Recent data shows housing prices are heading back toward more sustainable levels and property developers are starting to buy land again. This will eventually flow through to a return to housing construction which will see an increase in steel demand, but not until the stock of unsold properties drops.
“While land sales are volatile, averaging July and August numbers reflect that land sales growth is similar to the same period in 2011,” CBA said in a client note.
“Two consecutive months of y-o-y growth in new floor space sales is the strongest indicator that Chinese property construction volumes have bottomed,” CBA added.
CBA says data showing ongoing weakness in economic activity, such as the Purchasing Managers’ Index dropping to a nine-month low, is indicative of destocking, a point also made about the coking coal, iron ore and steel sectors.
At the same time, as reported before, steelmakers have little incentive to cut production, underlined by new data showing exports of 5Mt of Chinese steel products for September were up 22% y-o-y and up the same percentage m-o-m.
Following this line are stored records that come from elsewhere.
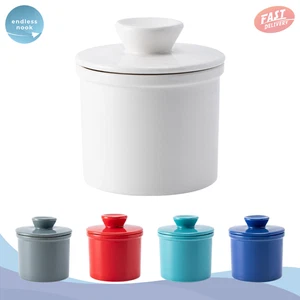 Ceramic Butter CrockKeeper with Lid & WaterLine Dish for Fresh Spreadable Butter - Picture 1 of 7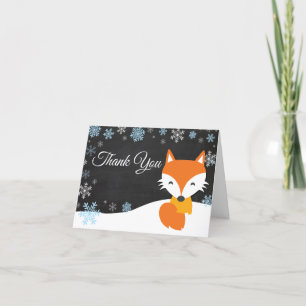 Vinter Fox Snowflake Blue - tackkort
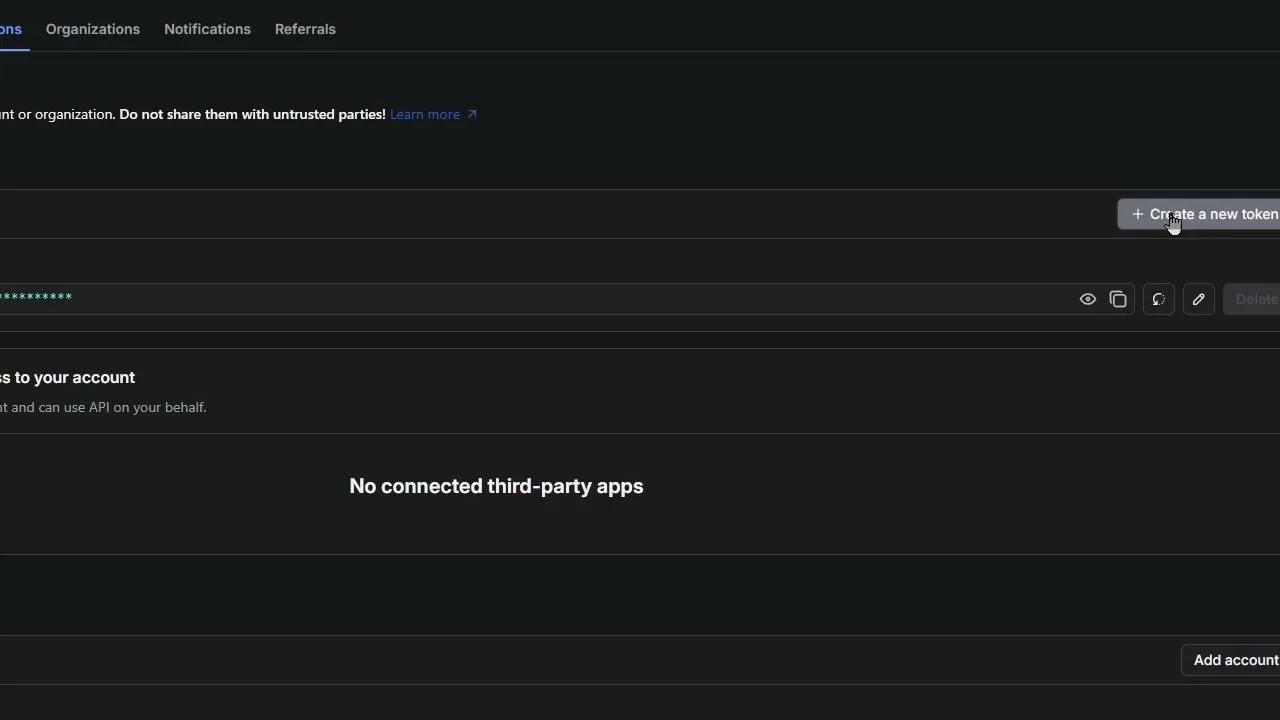 在Apify中點擊Create a new token新增API Key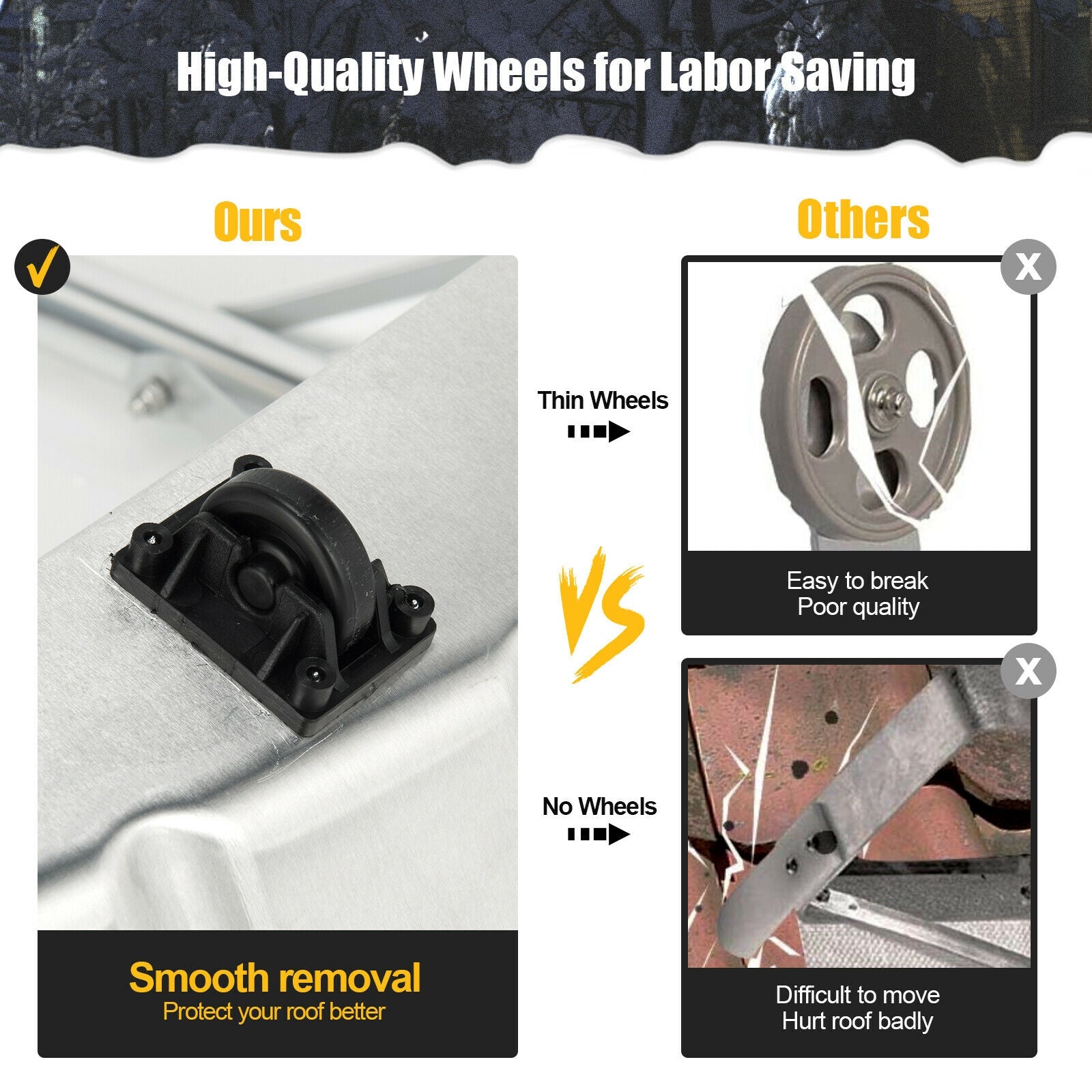 4.8-20 Feet Sectional Snow Roof Rake with Reinforced Aluminum Poles, Black Snow Removal at Gallery Canada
CBA sees the biggest risk to China is slow demand growth from developed economies which could continue to drag down manufacturing and cut into the labour market. In such a scenario stimulus might be injected but only in 2Q 2013.
Given China remains a centrally planned economy, the government policy response to the economy is much watched and commented on. CBA said since last December China’s central bank has cut the required reserve ratio (RRR) three times from 21.5% to 18-20%, reflecting the need to stimulate growth. (The RRR defines the minimum reserves each commercial bank must hold of customer deposits and notes.)
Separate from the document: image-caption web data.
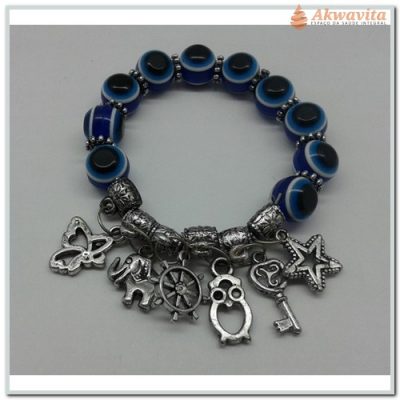 Pulseira com Olho Grego e Patuás Diversos Proteção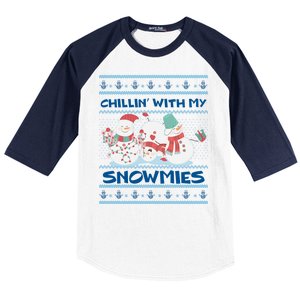 Chillin' With My Snowmies Ugly Christmas Baseball Sleeve Shirt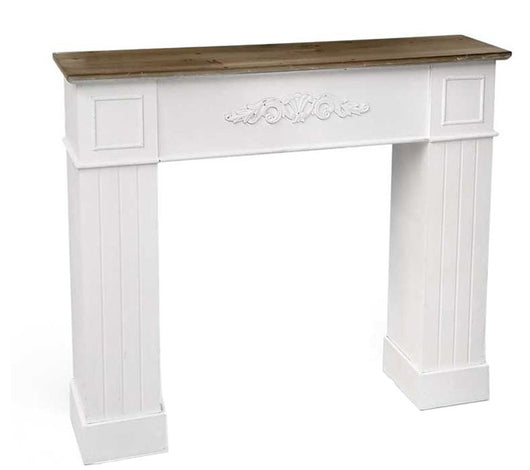 CORNICE PER CAMINETTO 110X23X H96 CM IN COLORE BIANCO CON TOP EFFETTO LEGNO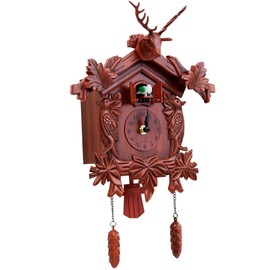 Lc Love_Call Cuckoo Clock Vintage Handcrafted Resin Wall Clock, 16 x 9.8 inches, with Deer Antlers, Red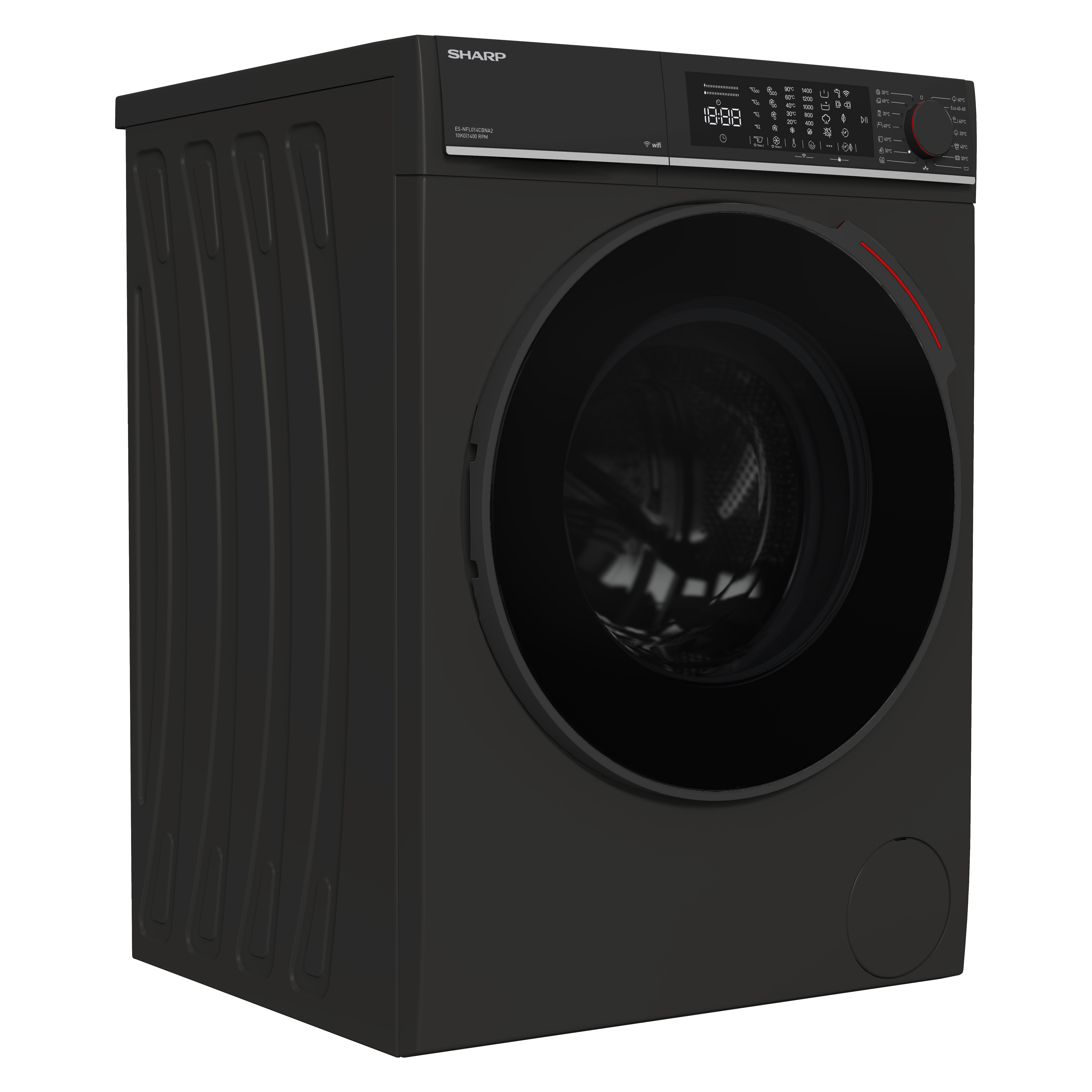 Black Sharp washing machine with digital display and round door.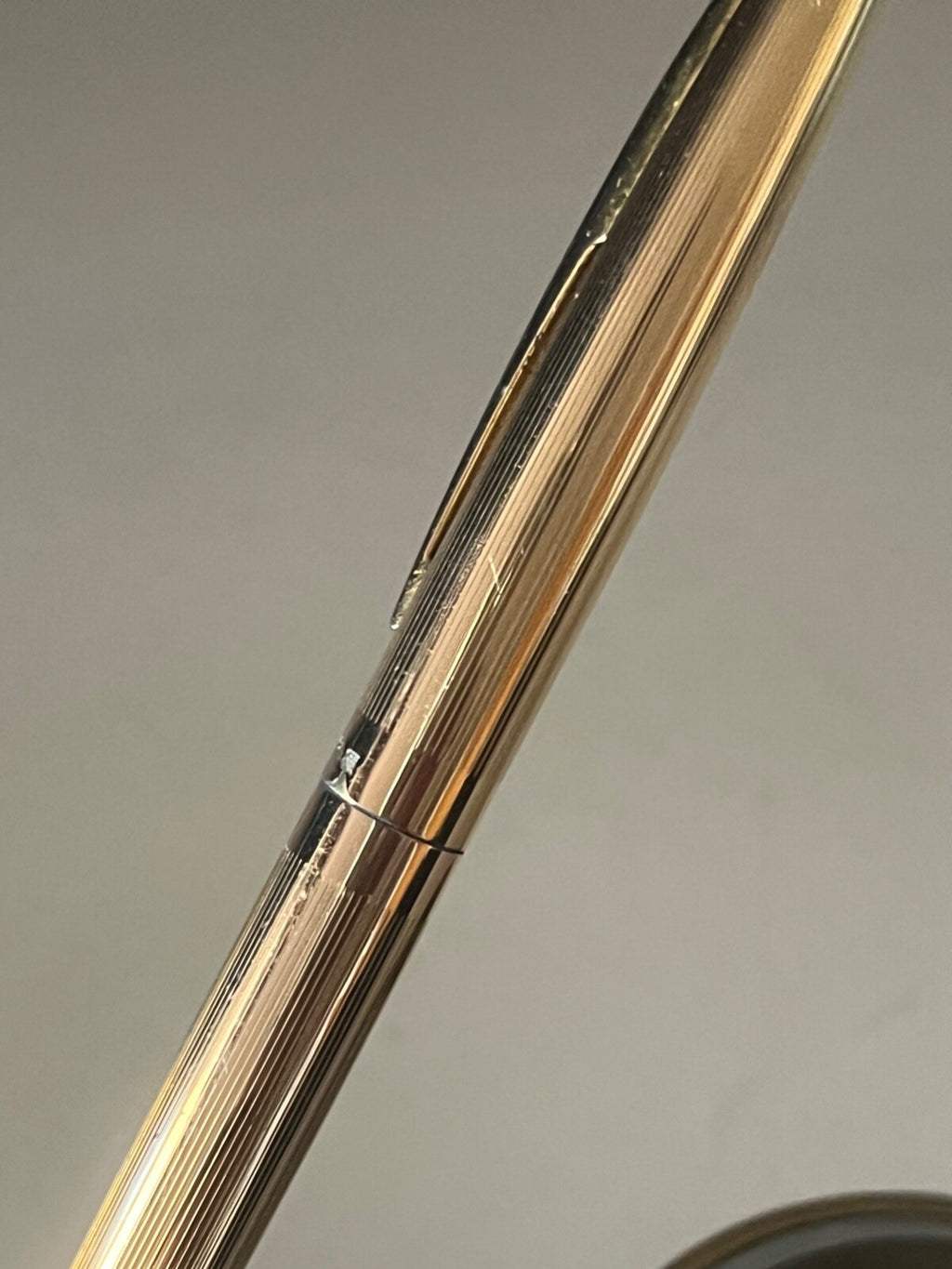 DE WATERMAN Stylo-Plume Sphère Plaqué Or Spline Bit à Bouton Vintage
CBA highlights a historic link between changes in RRR and crude steel output, that is, a drop in RRR predicts an increase in crude steel output. If past trends repeat, the figures point to an uptick in steel output. Some analysts are predicting further intervention in the reserve ratio towards year-end.
From a bigger perspective, multiple analysts emphasise that China is a compelling growth story as it continues to industrialise and urbanise. As numerous commentators have said: China is not yet built.
The most recent data quoted by CBA is a 4% month-on-month lift in China’s iron ore imports (up 7.3% y-o-y) to 65Mt in September. CBA said lower import prices and expectations of higher steel consumption in autumn along with expectations of extra infrastructure spending were likely to have boosted iron ore import demand. The same dynamics appear to be flowing through to coking coal.
But in considering China, it is also clear that the government has recognised that the unchecked growth of recent years is not sustainable and if not moderated, could cause all kinds of economic mayhem such as hyper-inflation, property bubbles and social unrest.
This does not mean China will stop importing commodities. As one investment analyst put it: "With 1-1.1 billion people still wanting to urbanise, China isn't about to move to a ‘commodities lite’ development story anytime soon”.